• _WHAT THIS TASK INVOLVES_
If a line below contains "City", count it; then state how many such lines there are, and nothing else.

• _PROVIDED INFORMATION_
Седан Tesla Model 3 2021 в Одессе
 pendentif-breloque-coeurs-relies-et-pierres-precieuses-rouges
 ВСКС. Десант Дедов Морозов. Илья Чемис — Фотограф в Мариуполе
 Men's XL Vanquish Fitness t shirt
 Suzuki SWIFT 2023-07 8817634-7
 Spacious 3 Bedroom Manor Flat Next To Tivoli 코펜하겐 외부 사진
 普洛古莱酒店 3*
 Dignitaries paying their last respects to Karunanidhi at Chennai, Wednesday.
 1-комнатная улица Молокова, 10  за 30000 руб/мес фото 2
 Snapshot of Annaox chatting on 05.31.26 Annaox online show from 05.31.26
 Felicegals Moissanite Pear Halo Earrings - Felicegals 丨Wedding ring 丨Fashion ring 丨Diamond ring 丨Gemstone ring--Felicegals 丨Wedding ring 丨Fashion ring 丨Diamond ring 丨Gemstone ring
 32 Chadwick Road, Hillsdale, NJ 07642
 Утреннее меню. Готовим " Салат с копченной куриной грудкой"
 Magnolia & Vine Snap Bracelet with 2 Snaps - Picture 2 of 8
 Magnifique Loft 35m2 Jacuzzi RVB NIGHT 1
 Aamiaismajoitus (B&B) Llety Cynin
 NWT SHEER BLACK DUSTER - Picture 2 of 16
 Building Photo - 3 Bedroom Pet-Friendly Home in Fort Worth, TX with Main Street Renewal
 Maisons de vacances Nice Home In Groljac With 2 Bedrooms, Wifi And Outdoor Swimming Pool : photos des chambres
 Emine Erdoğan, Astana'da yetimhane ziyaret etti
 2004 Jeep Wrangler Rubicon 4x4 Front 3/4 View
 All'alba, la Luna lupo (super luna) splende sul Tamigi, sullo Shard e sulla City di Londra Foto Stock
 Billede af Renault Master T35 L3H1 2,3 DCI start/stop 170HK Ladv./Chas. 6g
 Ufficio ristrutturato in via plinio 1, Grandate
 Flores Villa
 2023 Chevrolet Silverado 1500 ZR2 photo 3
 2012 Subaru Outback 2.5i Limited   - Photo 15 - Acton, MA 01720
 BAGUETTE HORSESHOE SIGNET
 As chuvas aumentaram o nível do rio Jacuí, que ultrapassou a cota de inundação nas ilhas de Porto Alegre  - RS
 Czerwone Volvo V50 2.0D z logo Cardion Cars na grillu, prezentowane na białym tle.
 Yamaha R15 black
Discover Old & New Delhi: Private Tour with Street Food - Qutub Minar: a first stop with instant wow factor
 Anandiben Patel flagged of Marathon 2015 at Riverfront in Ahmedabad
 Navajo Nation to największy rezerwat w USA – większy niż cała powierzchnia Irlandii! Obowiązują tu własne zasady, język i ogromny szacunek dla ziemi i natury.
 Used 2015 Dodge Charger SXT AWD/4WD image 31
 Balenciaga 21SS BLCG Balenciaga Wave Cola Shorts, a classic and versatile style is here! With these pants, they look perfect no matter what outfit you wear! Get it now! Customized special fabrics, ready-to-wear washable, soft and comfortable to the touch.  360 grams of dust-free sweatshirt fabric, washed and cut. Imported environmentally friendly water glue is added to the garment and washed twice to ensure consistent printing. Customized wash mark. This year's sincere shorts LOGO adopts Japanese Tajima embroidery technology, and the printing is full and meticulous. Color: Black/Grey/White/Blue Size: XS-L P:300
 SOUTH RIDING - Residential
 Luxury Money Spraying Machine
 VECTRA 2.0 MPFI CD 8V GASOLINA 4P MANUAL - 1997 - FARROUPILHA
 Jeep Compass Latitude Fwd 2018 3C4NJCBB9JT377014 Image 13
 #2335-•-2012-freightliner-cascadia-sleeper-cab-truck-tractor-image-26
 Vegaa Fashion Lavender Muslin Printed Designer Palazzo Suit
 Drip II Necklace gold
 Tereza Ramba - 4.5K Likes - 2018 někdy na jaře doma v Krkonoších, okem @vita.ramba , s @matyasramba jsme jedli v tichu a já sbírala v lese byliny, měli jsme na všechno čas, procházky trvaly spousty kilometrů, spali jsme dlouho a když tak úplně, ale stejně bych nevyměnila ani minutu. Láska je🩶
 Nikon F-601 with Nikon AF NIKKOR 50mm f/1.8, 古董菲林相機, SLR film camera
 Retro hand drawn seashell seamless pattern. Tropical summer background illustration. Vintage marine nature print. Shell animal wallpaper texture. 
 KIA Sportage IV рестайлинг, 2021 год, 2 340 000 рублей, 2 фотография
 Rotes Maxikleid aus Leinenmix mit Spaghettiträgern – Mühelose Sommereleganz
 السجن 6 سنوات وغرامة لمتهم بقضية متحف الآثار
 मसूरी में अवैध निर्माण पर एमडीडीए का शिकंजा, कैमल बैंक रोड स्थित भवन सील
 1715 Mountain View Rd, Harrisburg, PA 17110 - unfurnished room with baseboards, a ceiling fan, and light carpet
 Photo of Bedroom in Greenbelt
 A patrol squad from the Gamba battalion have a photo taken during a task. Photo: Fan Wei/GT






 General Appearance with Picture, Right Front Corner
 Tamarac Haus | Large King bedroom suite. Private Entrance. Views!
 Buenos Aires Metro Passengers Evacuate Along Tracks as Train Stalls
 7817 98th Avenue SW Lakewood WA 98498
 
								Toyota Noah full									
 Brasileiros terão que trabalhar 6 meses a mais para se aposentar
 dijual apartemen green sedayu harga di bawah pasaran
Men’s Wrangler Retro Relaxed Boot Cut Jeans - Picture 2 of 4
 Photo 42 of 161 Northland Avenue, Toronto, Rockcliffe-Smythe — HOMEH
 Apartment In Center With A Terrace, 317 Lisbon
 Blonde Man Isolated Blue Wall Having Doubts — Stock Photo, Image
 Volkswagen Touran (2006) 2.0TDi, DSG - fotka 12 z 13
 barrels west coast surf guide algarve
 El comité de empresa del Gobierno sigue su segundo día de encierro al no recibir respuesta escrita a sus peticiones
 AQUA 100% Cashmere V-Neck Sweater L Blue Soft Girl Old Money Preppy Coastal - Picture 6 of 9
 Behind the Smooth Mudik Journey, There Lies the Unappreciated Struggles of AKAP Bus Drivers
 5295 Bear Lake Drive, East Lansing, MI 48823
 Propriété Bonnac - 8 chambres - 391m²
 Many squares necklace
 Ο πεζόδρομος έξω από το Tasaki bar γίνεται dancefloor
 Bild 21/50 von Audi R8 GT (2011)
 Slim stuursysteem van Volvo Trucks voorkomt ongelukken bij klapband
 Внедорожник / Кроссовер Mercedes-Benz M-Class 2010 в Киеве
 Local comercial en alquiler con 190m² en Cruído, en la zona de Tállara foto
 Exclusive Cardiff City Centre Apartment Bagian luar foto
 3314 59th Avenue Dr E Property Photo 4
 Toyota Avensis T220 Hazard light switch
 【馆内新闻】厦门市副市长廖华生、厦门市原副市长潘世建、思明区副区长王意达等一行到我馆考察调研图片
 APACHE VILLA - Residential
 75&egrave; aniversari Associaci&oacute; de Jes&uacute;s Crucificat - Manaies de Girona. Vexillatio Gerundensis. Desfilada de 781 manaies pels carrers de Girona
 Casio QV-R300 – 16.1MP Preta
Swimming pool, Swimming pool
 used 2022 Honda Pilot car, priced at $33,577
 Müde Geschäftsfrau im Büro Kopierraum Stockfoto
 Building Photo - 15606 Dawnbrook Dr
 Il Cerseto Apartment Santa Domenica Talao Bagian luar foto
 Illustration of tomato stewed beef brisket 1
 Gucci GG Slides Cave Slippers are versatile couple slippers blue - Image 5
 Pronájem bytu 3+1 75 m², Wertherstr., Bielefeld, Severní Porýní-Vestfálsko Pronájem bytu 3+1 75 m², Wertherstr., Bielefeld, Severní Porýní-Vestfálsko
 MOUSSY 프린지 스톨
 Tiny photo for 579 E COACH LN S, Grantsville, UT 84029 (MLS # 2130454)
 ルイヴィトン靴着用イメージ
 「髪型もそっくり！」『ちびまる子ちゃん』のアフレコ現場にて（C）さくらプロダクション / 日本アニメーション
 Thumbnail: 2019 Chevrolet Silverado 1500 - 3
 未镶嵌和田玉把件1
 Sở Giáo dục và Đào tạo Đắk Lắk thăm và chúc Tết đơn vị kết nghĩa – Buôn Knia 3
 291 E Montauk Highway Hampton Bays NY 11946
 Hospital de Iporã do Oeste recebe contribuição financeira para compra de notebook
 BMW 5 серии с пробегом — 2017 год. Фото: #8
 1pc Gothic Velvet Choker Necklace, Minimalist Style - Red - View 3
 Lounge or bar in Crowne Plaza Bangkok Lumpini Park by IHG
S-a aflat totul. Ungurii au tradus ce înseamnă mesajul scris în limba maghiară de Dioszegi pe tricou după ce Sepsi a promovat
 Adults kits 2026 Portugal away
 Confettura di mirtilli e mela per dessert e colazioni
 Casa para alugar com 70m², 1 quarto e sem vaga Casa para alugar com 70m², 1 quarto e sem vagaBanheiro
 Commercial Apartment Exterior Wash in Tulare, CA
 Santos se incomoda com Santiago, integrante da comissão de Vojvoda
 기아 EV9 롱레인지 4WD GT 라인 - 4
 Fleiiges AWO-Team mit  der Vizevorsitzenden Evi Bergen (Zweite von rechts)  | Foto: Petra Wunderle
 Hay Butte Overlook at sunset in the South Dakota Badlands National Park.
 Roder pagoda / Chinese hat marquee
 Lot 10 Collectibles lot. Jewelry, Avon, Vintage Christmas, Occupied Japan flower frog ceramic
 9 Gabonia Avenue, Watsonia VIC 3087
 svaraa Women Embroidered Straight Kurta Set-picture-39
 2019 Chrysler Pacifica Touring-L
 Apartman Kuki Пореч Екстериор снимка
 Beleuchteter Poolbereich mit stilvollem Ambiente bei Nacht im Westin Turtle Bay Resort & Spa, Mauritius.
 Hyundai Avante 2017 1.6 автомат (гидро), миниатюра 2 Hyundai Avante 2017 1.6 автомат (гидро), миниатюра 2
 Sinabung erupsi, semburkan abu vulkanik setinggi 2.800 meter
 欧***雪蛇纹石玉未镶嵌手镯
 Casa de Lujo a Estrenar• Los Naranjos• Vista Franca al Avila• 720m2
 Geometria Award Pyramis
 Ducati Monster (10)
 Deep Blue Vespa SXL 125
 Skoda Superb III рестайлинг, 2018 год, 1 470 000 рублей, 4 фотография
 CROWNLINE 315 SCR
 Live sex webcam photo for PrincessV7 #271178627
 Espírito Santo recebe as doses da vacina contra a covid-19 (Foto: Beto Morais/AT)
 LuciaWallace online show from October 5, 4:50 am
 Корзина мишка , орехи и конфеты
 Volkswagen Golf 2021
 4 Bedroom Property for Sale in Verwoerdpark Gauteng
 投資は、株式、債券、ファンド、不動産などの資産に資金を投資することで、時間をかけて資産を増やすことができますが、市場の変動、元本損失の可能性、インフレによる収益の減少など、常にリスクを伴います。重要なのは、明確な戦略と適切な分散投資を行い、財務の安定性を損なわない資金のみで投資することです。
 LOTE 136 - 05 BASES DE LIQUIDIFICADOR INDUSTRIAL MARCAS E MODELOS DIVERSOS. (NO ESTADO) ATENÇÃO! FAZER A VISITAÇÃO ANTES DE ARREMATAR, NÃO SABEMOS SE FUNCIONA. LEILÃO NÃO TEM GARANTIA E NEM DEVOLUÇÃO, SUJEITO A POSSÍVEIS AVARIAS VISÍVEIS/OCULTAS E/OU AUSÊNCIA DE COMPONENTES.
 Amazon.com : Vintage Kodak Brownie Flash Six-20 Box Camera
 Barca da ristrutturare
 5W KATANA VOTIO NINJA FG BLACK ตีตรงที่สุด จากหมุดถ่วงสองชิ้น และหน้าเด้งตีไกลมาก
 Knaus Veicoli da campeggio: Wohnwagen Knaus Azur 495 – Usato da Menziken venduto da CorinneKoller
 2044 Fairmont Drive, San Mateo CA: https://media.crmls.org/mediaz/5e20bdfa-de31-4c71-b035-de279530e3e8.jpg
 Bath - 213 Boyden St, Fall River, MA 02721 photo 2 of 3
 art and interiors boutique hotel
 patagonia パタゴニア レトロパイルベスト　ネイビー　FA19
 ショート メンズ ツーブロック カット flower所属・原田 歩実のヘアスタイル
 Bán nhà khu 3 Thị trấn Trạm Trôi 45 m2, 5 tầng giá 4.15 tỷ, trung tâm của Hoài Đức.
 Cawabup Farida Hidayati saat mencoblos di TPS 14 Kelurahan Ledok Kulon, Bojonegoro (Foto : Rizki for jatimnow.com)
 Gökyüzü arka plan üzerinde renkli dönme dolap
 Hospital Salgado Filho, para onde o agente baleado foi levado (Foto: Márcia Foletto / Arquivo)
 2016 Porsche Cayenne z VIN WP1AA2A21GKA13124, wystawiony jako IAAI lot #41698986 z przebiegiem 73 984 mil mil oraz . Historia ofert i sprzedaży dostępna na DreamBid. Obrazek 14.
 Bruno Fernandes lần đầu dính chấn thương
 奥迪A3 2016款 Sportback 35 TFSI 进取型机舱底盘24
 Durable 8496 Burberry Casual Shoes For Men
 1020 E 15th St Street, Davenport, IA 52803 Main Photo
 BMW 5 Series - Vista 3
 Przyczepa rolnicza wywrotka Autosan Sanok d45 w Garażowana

• _RESULT OF THE TASK_
2